This mural, titled Lucky You, is at 1701 Central Avenue. It was painted by St. Pete locals Jimmy Breen and Anthony Freese.
The mural is 18 feet wide and 42 feet high. It’s a tall vertical mural that starts above the brick first floor of this apartment building and stretches to the top of the three-story parking garage. The building and the mural face the freeway. Drivers on I-275 North can see it – and the roar of the highway is constant, a half-block from the mural.
The mural was designed around the concept of luck – as the artists say, we’re all lucky to live in Saint Pete! It features symbols of good luck from around the world, in a grid with three columns.
In the upper left corner, the words “Good Luck” are painted in neat black cursive against a white background. To the right, in the center column, a pink Lincoln penny is painted against blue. And in the upper right corner, a pair of white dice against a yellow background are rolled to a pair of fives.
Going down the left side, just below the words “good luck,” is a large blue hand gesturing “fingers crossed,” against a rich red background. This left hand is facing us, index finger crossed over the middle and the thumb holding the other two fingers down.
Below the hand is the loop of a necklace with a bright red cornicello – or Italian Horn – dangling from a braided chain, against a gold background. The cornicello is an Italian chili pepper thought to ward off evil. This long thin pepper twists to the right and is painted as if light is bouncing off it from the left. The pepper is mounted to wear around your neck.
Below the pepper is a light blue bat with long pointy ears and pinkish wings, seen as if it’s flying over us, against a black background. Bats are a Chinese good luck symbol. Below the bat, a lark, blue with white-tipped wings and a white belly, perches on a yellow branch against a blue sky with puffy clouds.
Now back to the top of the center column, with the good luck penny showing Lincoln’s profile, against an aqua background.
Below the penny is a gold anchor tilted to the left, against a black background. The anchor is highlighted with darker shadows, as if it’s in 3-D.
Below the anchor is a tall Japanese lucky cat, a Maneki-Neko – a symbol found in many Japanese businesses. The cat is gold and black against a white background, with pink ears, a pink nose and a pink collar with a bell. Just below the collar is a light blue scarf, with white highlights on the right. Against his belly, the cat holds an elongated coin.
The cat’s left paw, on your right, is raised in greeting. The name, Maneki-Neko, means “beckoning cat.”
Below the cat, a tall anatomical red heart is painted on a light blue background. Below the heart, at the bottom of this center column, is a gold hand-shaped symbol on a red background. This is a Hamsa – a symbol of protection in the Middle East and Mediterranean. It’s an open hand, if that hand had a thumb on each side and three fingers all the same length in the middle.

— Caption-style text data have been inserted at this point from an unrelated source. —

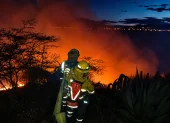 Más de 20 efectivos combatieron las llamas en el sector Otón de Vélez en Yaruqui.
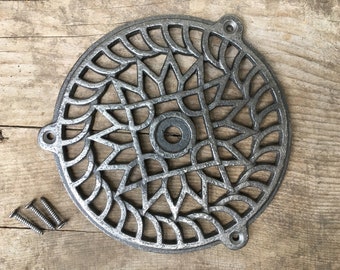 Fantastic round cast iron Victorian grill air vent extraction cover 6 inch CB9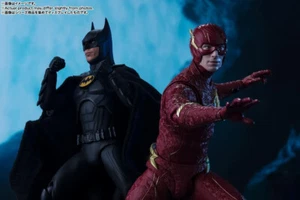 S.H.Figuarts Batman The Flash Set of 2 Bandai 6in Action Figure DC Comic - Picture 1 of 17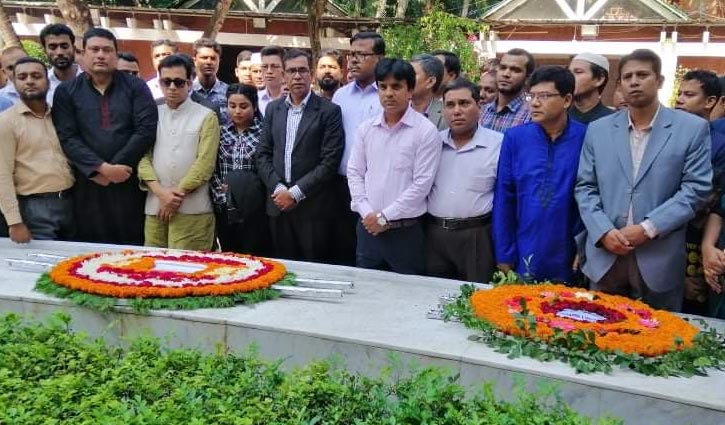 বঙ্গবন্ধুর সমাধিতে লেজিসলেটিভ সচিবের শ্রদ্ধা বঙ্গবন্ধুর সমাধিতে লেজিসলেটিভ সচিবের শ্রদ্ধা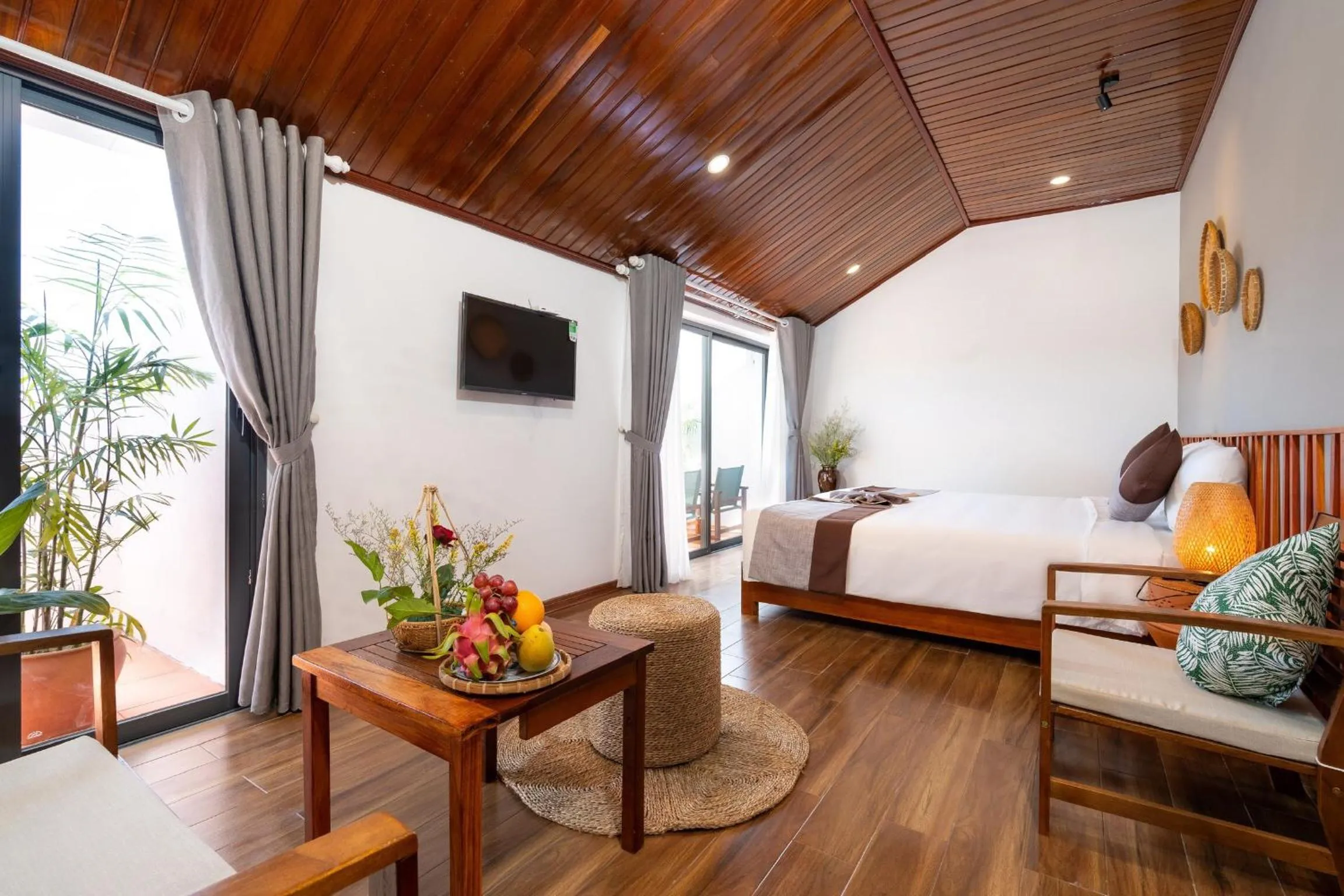 Bed in Tropical Home Villa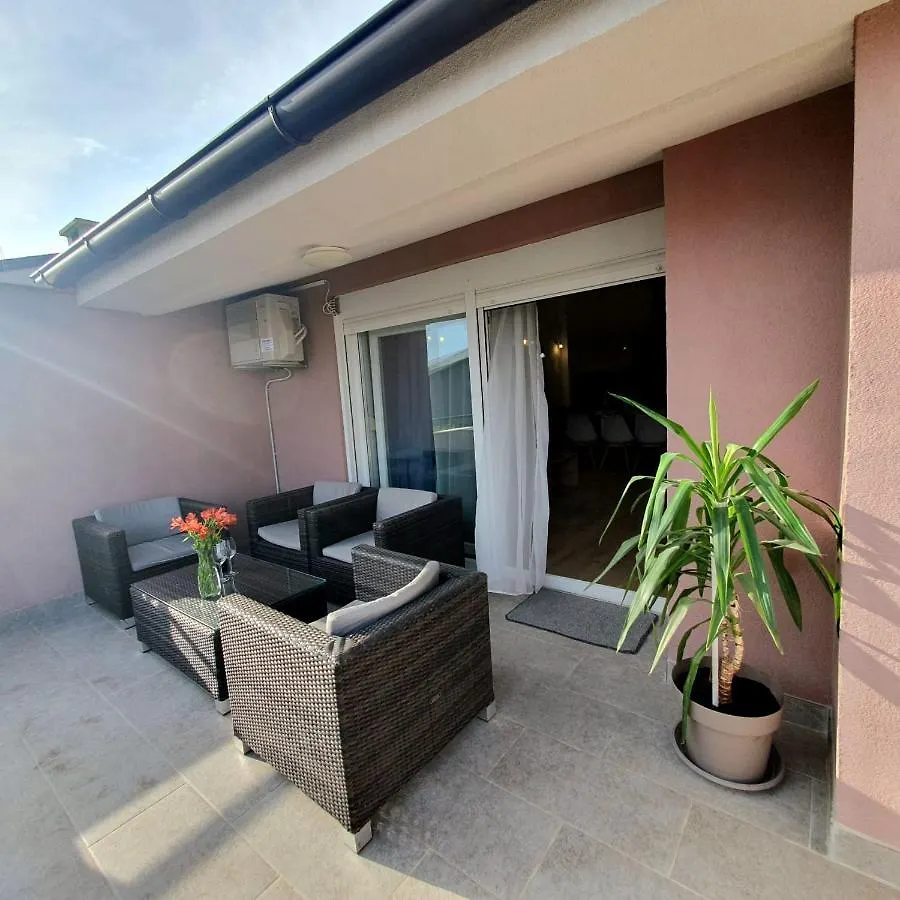 Apartment Kadena Zadar 0*,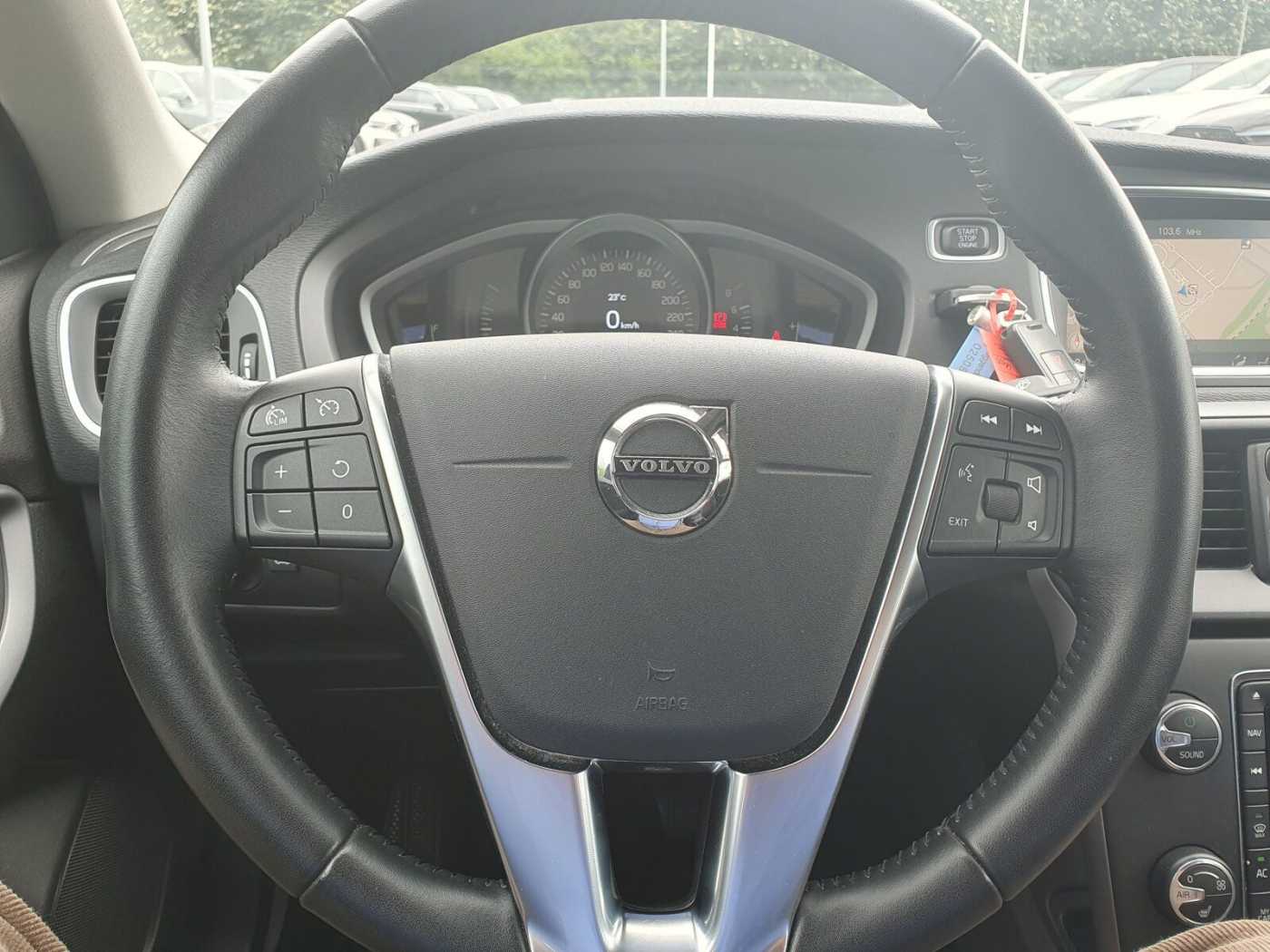 Volvo  T2 2.0 Momentum (EURO 6d-TEMP)
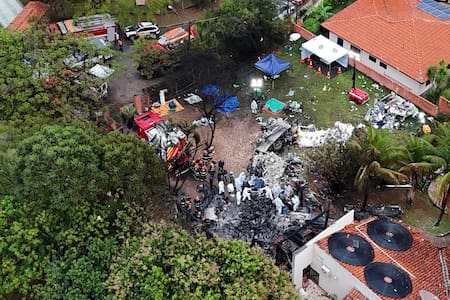 Autoridades trabajan en la zona del accidente aéreo en San Pablo, Brasil. Foto: Reuters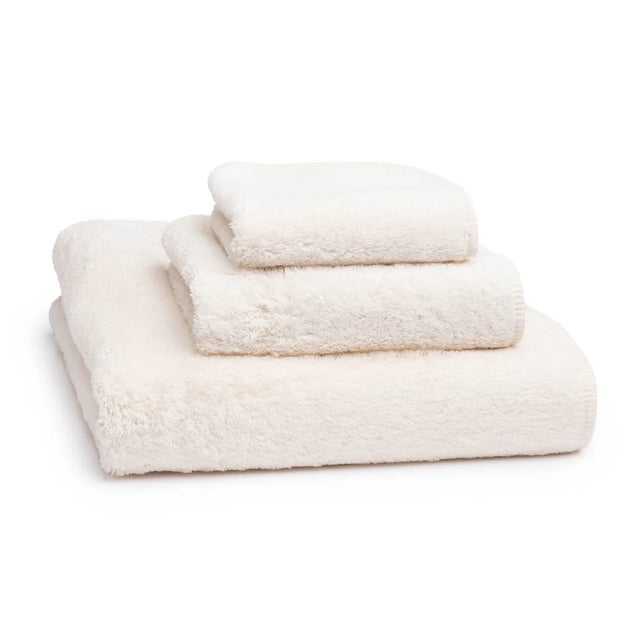 Our Prestige Garment Washed Towels represent the pinnacle of refined comfort. Constructed from 100% extra long staple...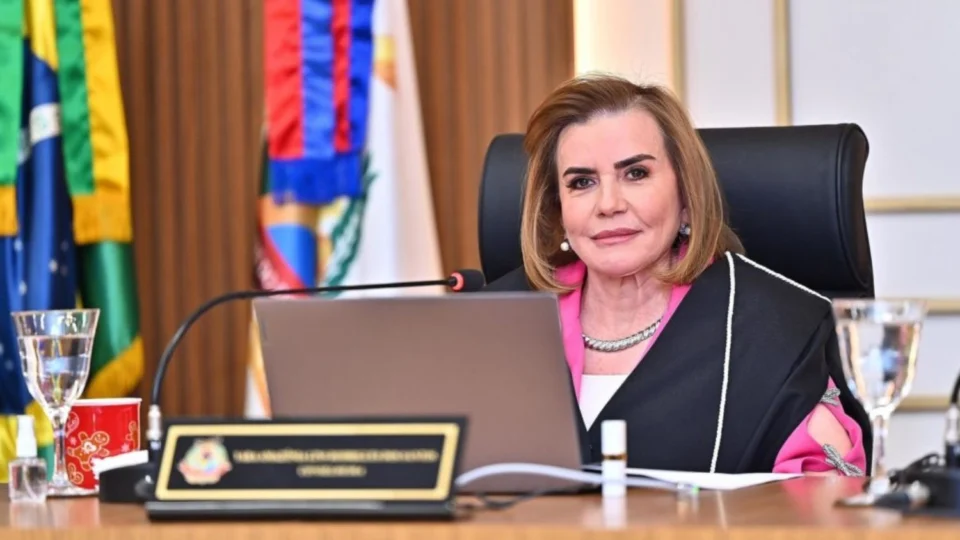 De taquígrafa a presidente: os 50 anos de dedicação da conselheira Yara Lins ao TCE-AM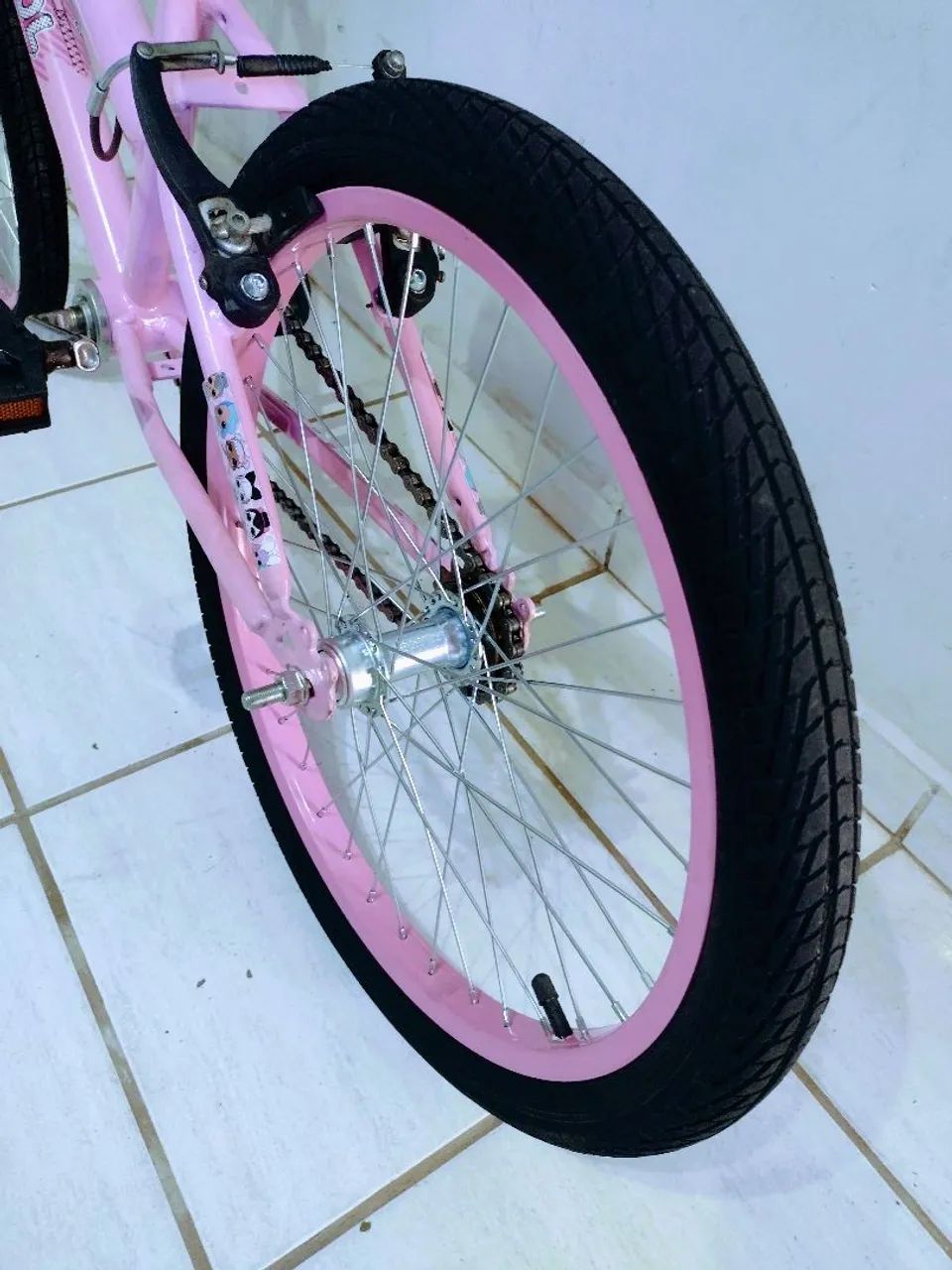 Bicicleta aro 20 em estado de nova  - Foto 5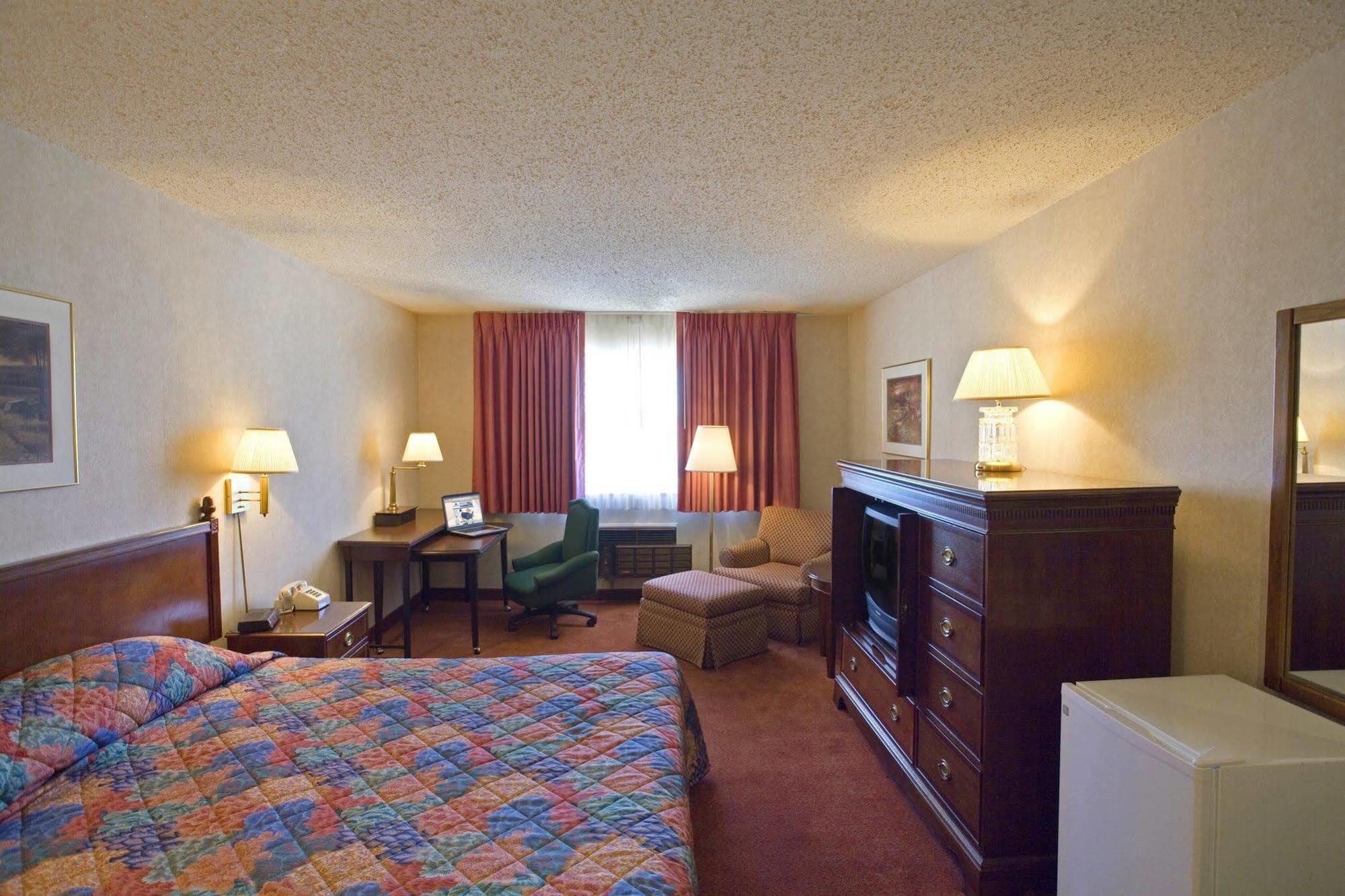 Americas Best Value Inn Ullin Mounds Buitenkant foto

In the center of the hand is a large, bright blue eye with a black pupil, sparked with light. Around the eye are painted triangular red lashes. Below the eye, a curving green arc and a curving red arc, stretch across the palm.
Another thin green line arcs over the eye, stretching from thumb to thumb. The thumbs on the right and on the left, curved to a point and facing in opposite directions, each have a green dot like an eye, and look like birds.
The three fingers stretch up, pressed together, with three red lines arcing across their base. The fingers on the right and left have thin red lines like abstract flowers growing, – and the blooms are red hearts.
The finger in the center has a curving green new Moon at the tip, above two red V’s.
At the top of the right-hand column are the pair of dice rolling fives against a gold background. Under the dice, a ladybug sits up, her six legs splayed, pointing her red belly at us, against a white background. She’s outlined in black and highlighted in gold.
Below the ladybug is a gold smiley-face with vertical black oval eyes, against a red background. The face is larger than this rectangle, so the sides are cut off. But its cheery smile and hopeful eyes stand out.
Below the smiley is a gold and black horseshoe against a black background with stars.
The horseshoe points up – so the luck won’t spill out. It’s wide and strong and gold, with four black circles curving up each arm. The arms both end in squared-off tips.
Below the horseshoe is a shooting star – a black five-pointed star against a white background, trailing bands of yellow, red and blue that shoot diagonally to the right.
And in the bottom right corner, a giant four-leaf clover – but it’s painted blue, against a gold background.
Jimmy Breen and Anthony Freese are based in St. Petersburg, part of the creative agency Wax and Hive. For the apartment’s grand opening in February 2020, they painted an interior mural in the courtyard by the pool.